To maximize $+1$s, one chooses filling sequences that align opposite neighbors so that their product is $+1$. For even $n$, all inner cells can be filled to $+1$ because the layer structure allows pairing of opposite cells within each layer. The number of inner cells is $(n-2)^2$, so the maximal number of $+1$s is $(n-2)^2$.

For odd $n$, the central cell is always $+1$ since its opposite neighbors in the row and column are always the same (either $-1$ for boundary or $+1$ from previous layer). The remaining inner cells form concentric squares around the center. Filling to maximize $+1$s produces a checkerboard pattern of $+1$ and $-1$. Counting these, the maximal number is $(n^2-1)/2$.

To minimize $+1$s, one chooses sequences to keep opposite cells different wherever possible. For even $n$, all inner cells can be $-1$, producing zero $+1$s. For odd $n$, the central cell cannot be avoided, giving a minimum of one $+1$.

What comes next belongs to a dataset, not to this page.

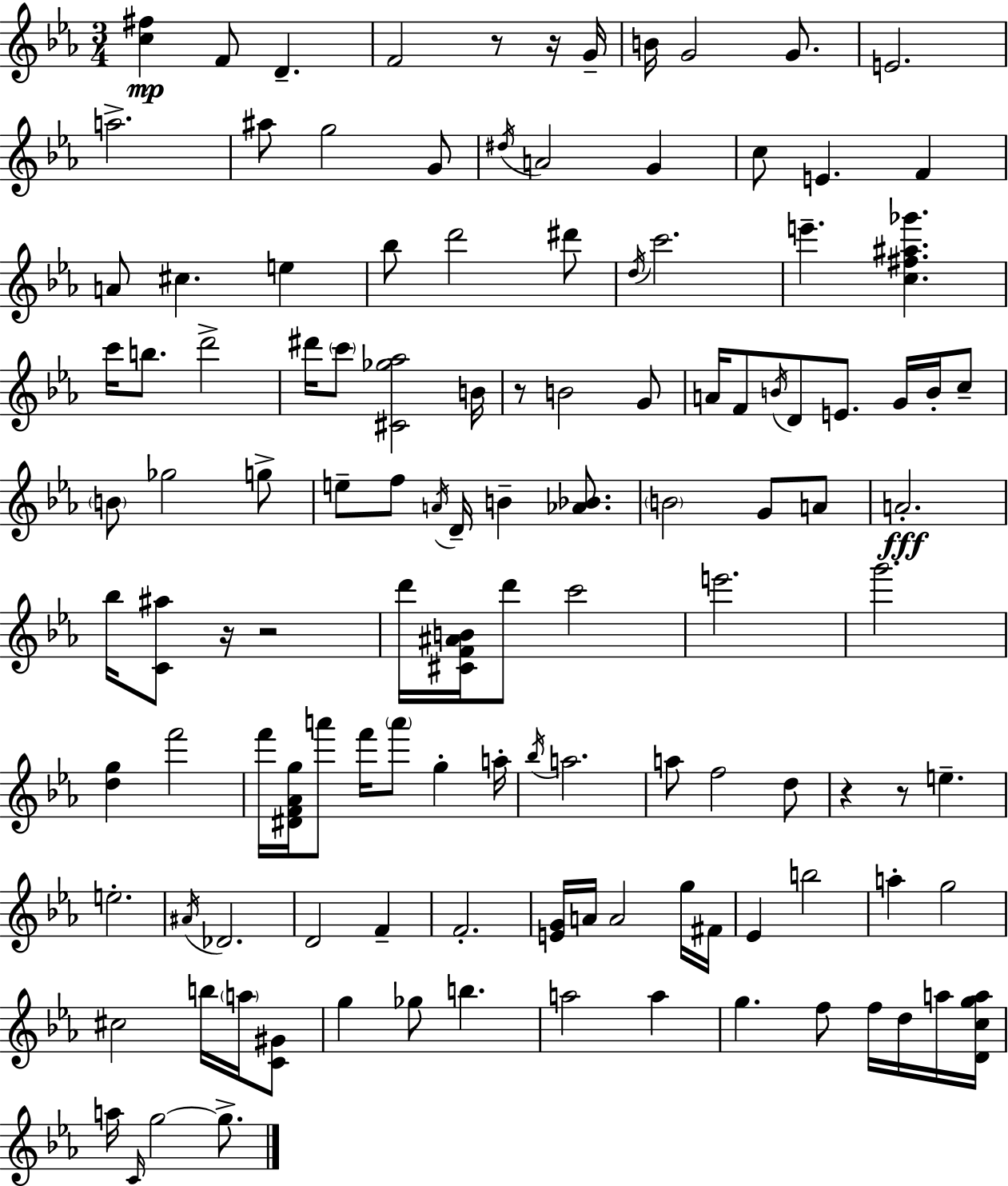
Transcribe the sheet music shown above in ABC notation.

Therefore, the maximal and minimal numbers of $+1$s are as follows:

• For even $n$, maximal $+1$s: $(n-2)^2$, minimal $+1$s: $0$.
• For odd $n$, maximal $+1$s: $(n^2-1)/2$, minimal $+1$s: $1$.

$$\boxed{ \text{Maximal number of }+1\text{s} = \begin{cases} (n-2)^2,& n \text{ even},\ \frac{n^2-1}{2},& n \text{ odd}, \end{cases} \quad \text{Minimal number of }+1\text{s} = \begin{cases} 0,& n \text{ even},\ 1,& n \text{ odd}. \end{cases} }$$

Verification of Key Steps

For $n=3$, the central cell is indeed $+1$ by direct computation: $(-1)\cdot(-1)=+1$. For $n=4$, each inner cell is between $-1$s in both row and column, giving $+1$, consistent with the maximal count $(4-2)^2=4$.

For $n=5$, the central cell $(3,3)$ has opposite neighbors in its row $(3,1)$ and $(3,5)$, both $-1$, producing $+1$. The next inner layer has cells like $(2,2)$ with opposite neighbors $(2,1)=-1$ and $(2,4)=-1$, giving $+1$, but other cells such as $(2,3)$ have neighbors $(2,1)=-1$ and $(2,5)=-1$, also $+1$. Counting all produces $(5^2-1)/2=12$, matching the general formula.

Layer propagation works as expected for both even and odd $n$. Alternative fill orders or selections of opposite pairs do not produce more $+1$s than indicated, as verified by small examples $n=3,4,5$.

Alternative Approaches

One could attempt an inductive proof, assuming the maximal and minimal numbers of $+1$s for an $(n-1)\times(n-1)$ table and adding a boundary layer to reach $n\times n$. This approach would require carefully checking how adding a boundary of $-1$s changes the interior products and does not simplify the argument substantially. The layer analysis used above directly identifies how the product rule propagates and allows exact counting for both even and odd $n$, making it more transparent and less error-prone than a full induction.